Maniche. Para além de ter marcado o golo da vitória, nunca deixou de rematar, e com muito perigo, de insistir, de ajudar os colegas e de fazer quilómetros naquele meio campo atrás dos adversários, adaptando-se às contrariedades dos vários momentos. A partir da expulsão de Deco a sua tarefa foi simplesmente defender, mas foi o jogador mais rematador e o mais inconformado. Sem ter feito uma exibição fenomenal, foi um jogador que cumpriu com o que era necessário. Associando esse facto ao golo da vitória e à sua entrega a escolha teria de recair sobre ele. Aliás, a Fifa também não teve dúvidas. Queria destacar aqui também a exibição do jovem talento Van Persie, mas sobretudo a exibição de mais dois jogadores portugueses: Ricardo Carvalho e Miguel. Se o segundo anulou por completo Robben, o primeiro anulou tudo o que lhe aparecia à frente, anulando inúmeras situações de golo. Nota alta também para Meira e para todos os que entraram a substituir os seus colegas.

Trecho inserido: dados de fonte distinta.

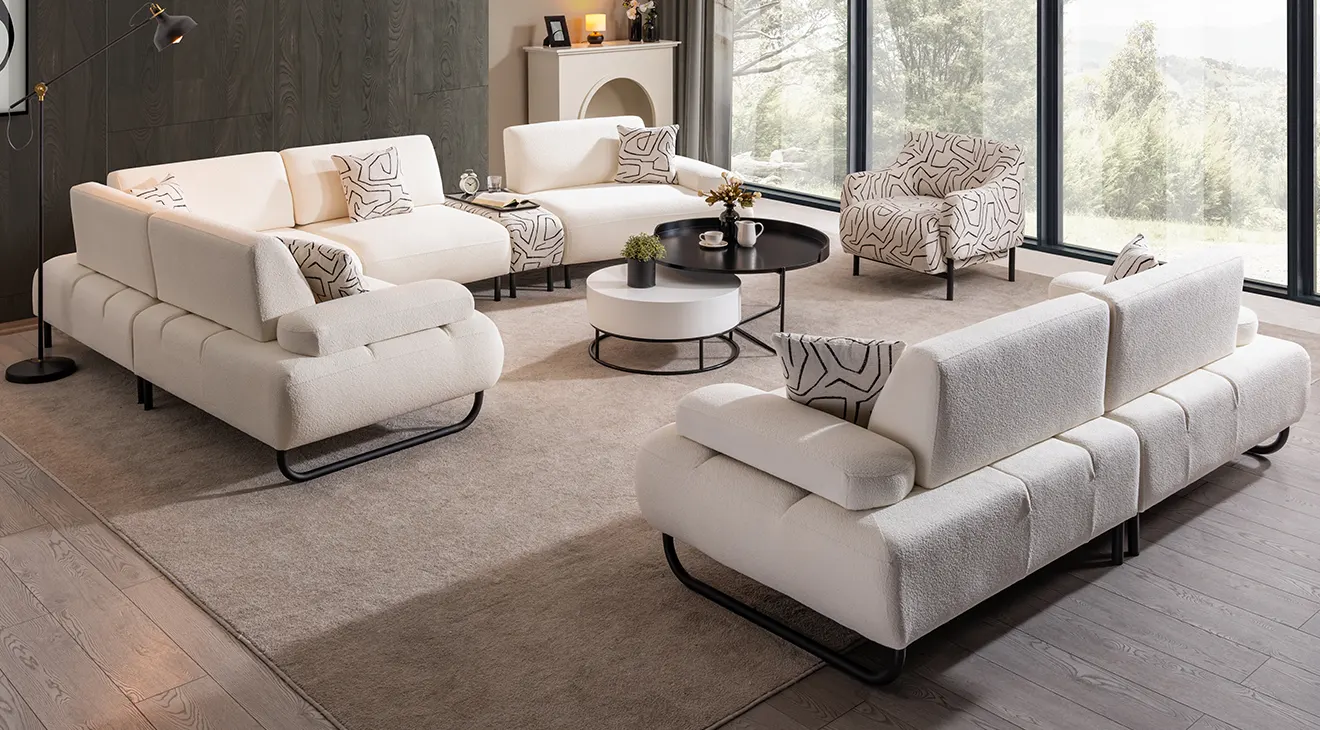 Simay Corner Sofa Set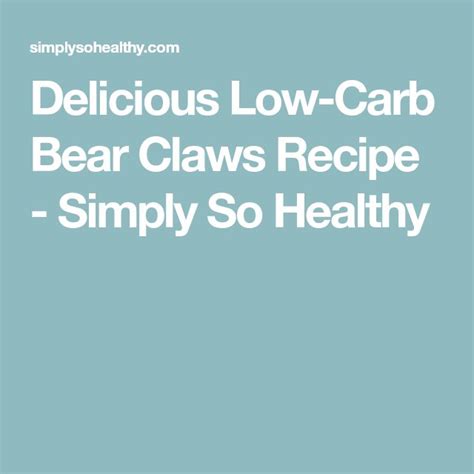 How many carbs are in bear claw - calories, carbs, nutrition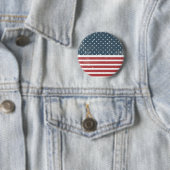 Amerikaanse vlag ronde button 5,7 cm (In situ)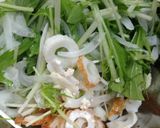 水菜と新玉ねぎのサラダ作り方5写真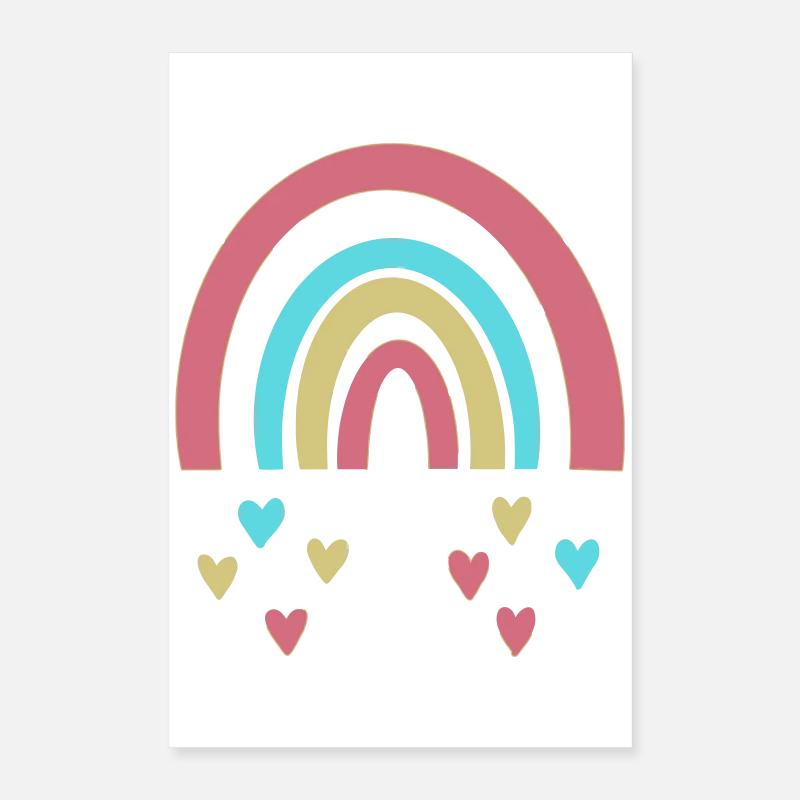 Arc-en-ciel Poster 40 x 60 cm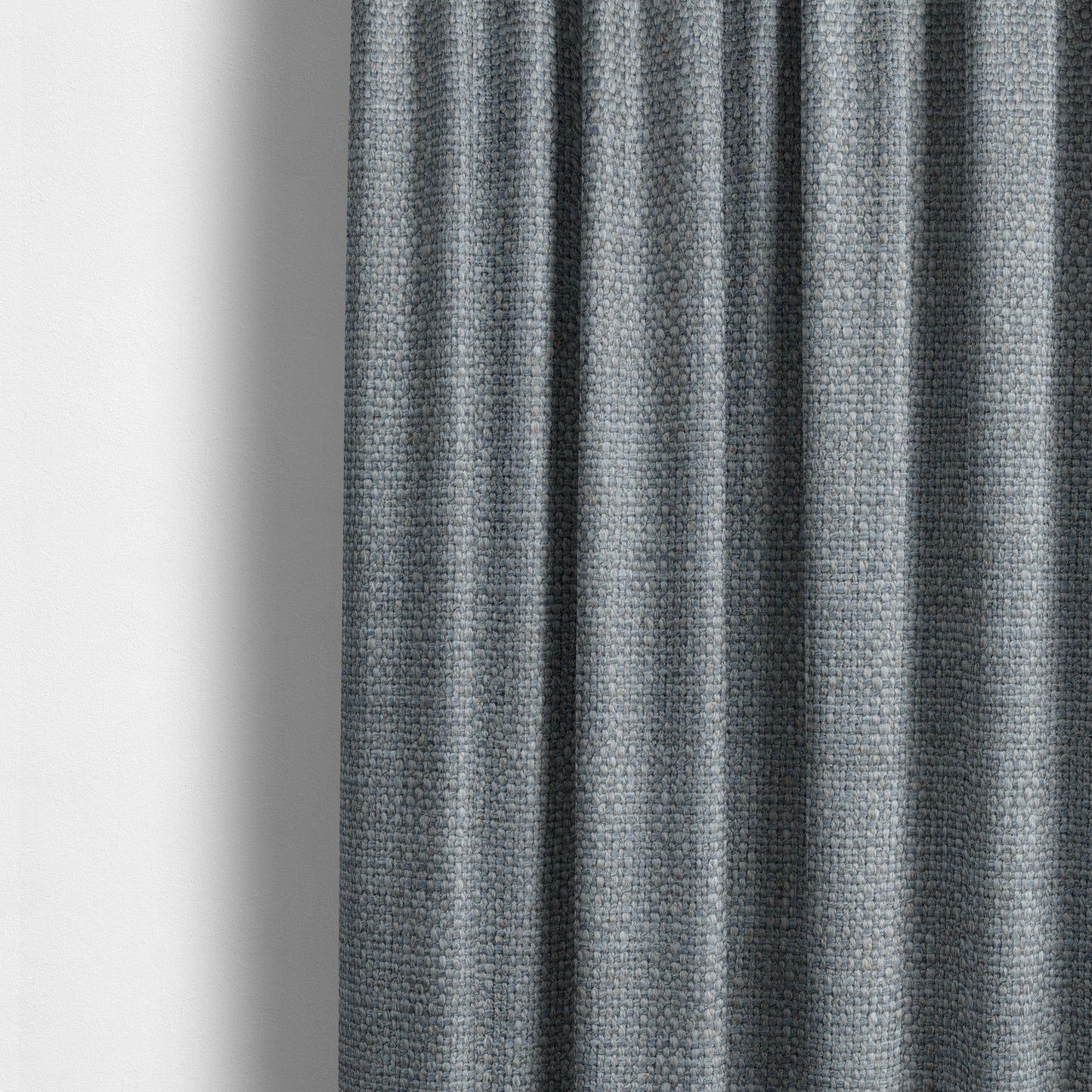 Cape Textured Weave Light Blue Colour Upholstery Fabric CTR-1852 - Made To Measure Curtains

Horrível. O russo Ivanov teve uma prestação que em nada dignificou o espectáculo. Toda a gente já constatou que as recomendações da Fifa são bem intencionadas mas exageradas, o que faz com que questionemos, e muito, da sua aplicabilidade e favorecimento neste espectáculo desportivo. Tecnicamente pareceu-me bem, mas disciplinarmente fraco. A quantidade de amarelos que exibiu ficou como “record” em fases finais de mundiais. Começou pela simples amostragem de um amarelo num lance para vermelho aos 7 minutos, passando pela expulsão de Boulahrouz num lance perfeitamente corriqueiro em futebol, perdoou o vermelho a Deco na entrada sobre Heitinga, não viu a cabeçada de Figo a Van Bommel, mostrou o segundo amarelo a Deco levando escrupulosamente à risca a recomendação sobre o atraso no reatamento do jogo, enfim, um sem número de decisões estapafúrdias que não só condicionou os jogadores e o próprio jogo, como todos os espectadores.
Embora me pareçam inoportunas, as declarações de Blatter no final do jogo, espelham o trabalho do árbitro.
Resumindo, diria que um juiz tem de fazer cumprir a lei, mas os melhores da classe são aqueles que têm a sensatez suficiente para serem justos.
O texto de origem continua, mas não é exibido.